• WHAT IS EXPECTED: Retype the opening lines of the data exactly, stopping after the line that contains "douglas-miller-obit-photo". Skip every picture.

• DATA SUPPLIED:
+ + + + + + +
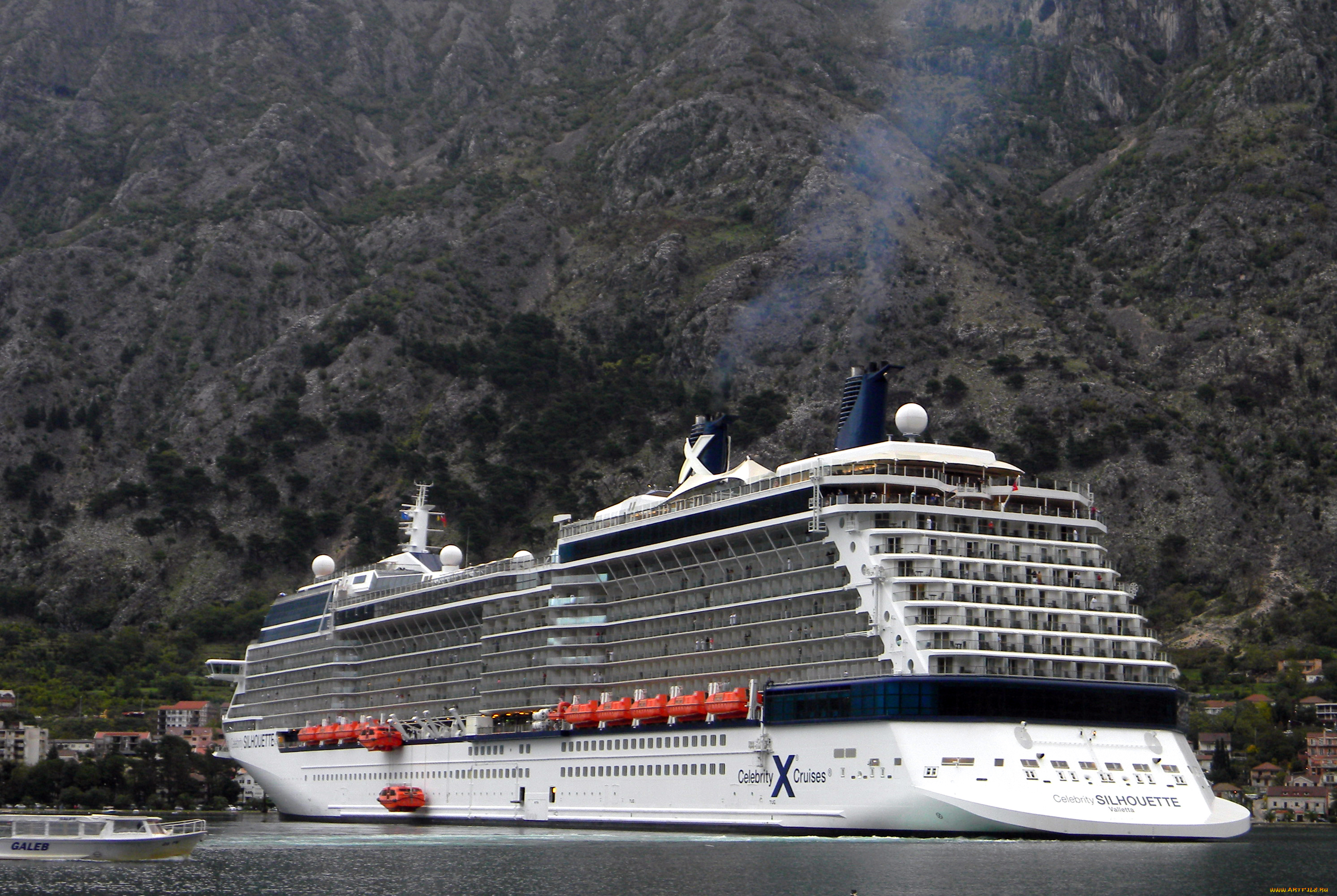 celebrity, silhouette, корабли, лайнеры, лайнер, celebrity, silhouette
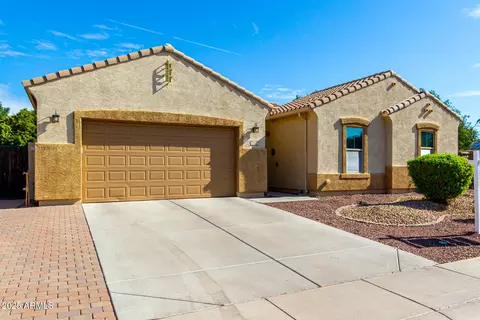 4132 E Nolan Pl, Chandler, AZ 85249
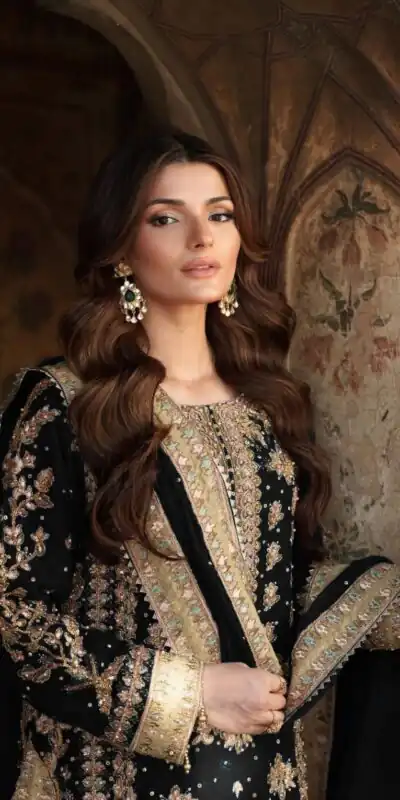 ZF 415 Black Color Georgette Sequence Work Salwar Suit Casual, Wedding, Festive, Events . Expected Delivery 4-6 Working Days @2149/- only | Jump Suits, Salwar suit, Designer Suits, Casual Suits, Creative suits, Palazzo Suits, Party Wear Suits, Patiala Suits, Straight Suits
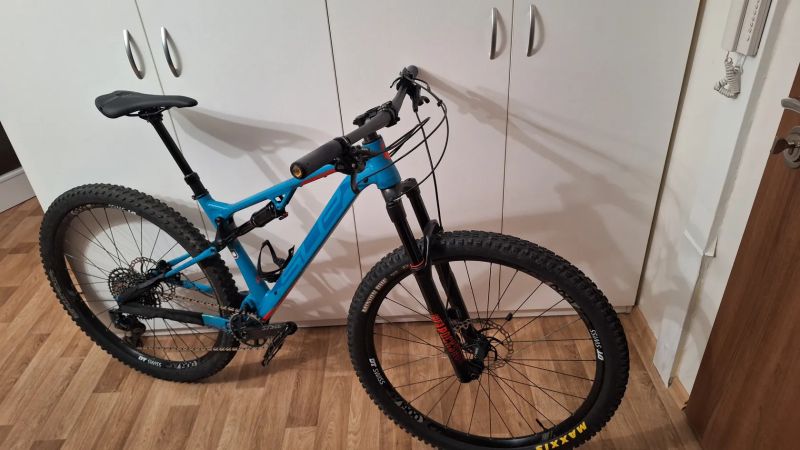 Superior XF 939 TR R (2019)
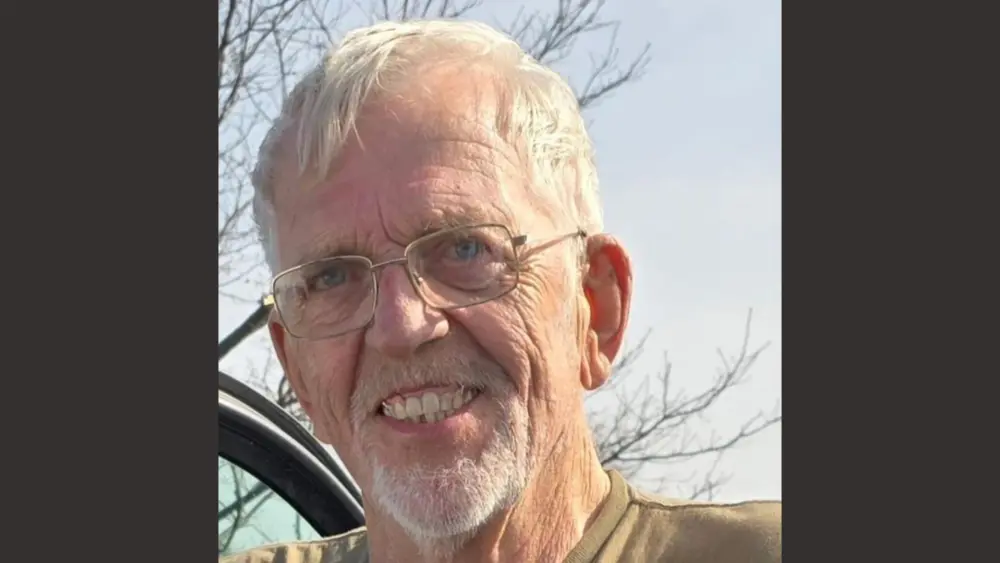 douglas-miller-obit-photo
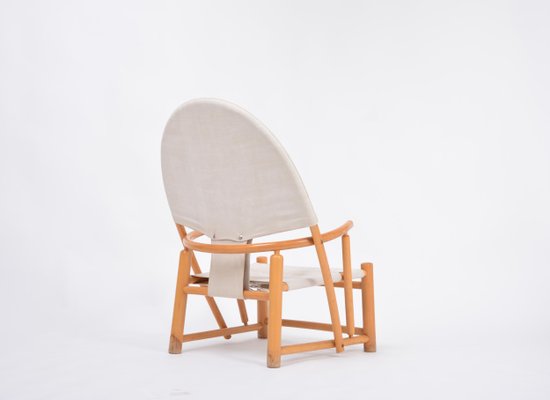 Mid-Century Modern G23 Hoop Armchair by Piero Palange & Werther Toffoloni-FN-1187259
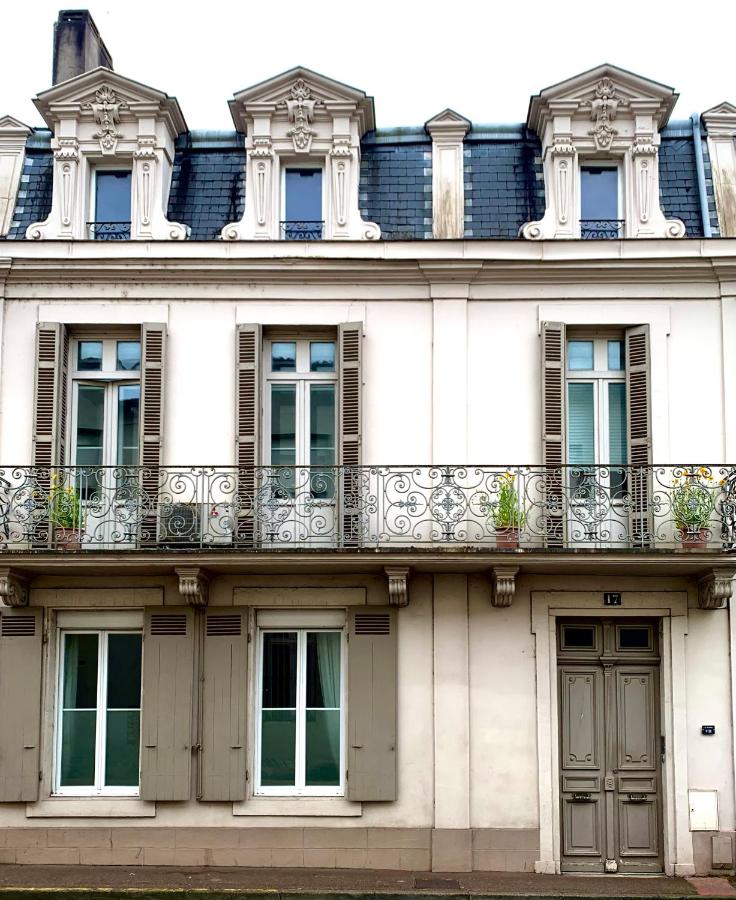 La Maison VH - B&B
+ + + + + + +
• OUTPUT:
 celebrity, silhouette, корабли, лайнеры, лайнер, celebrity, silhouette
 4132 E Nolan Pl, Chandler, AZ 85249
 ZF 415 Black Color Georgette Sequence Work Salwar Suit Casual, Wedding, Festive, Events . Expected Delivery 4-6 Working Days @2149/- only | Jump Suits, Salwar suit, Designer Suits, Casual Suits, Creative suits, Palazzo Suits, Party Wear Suits, Patiala Suits, Straight Suits
 Superior XF 939 TR R (2019)
 douglas-miller-obit-photo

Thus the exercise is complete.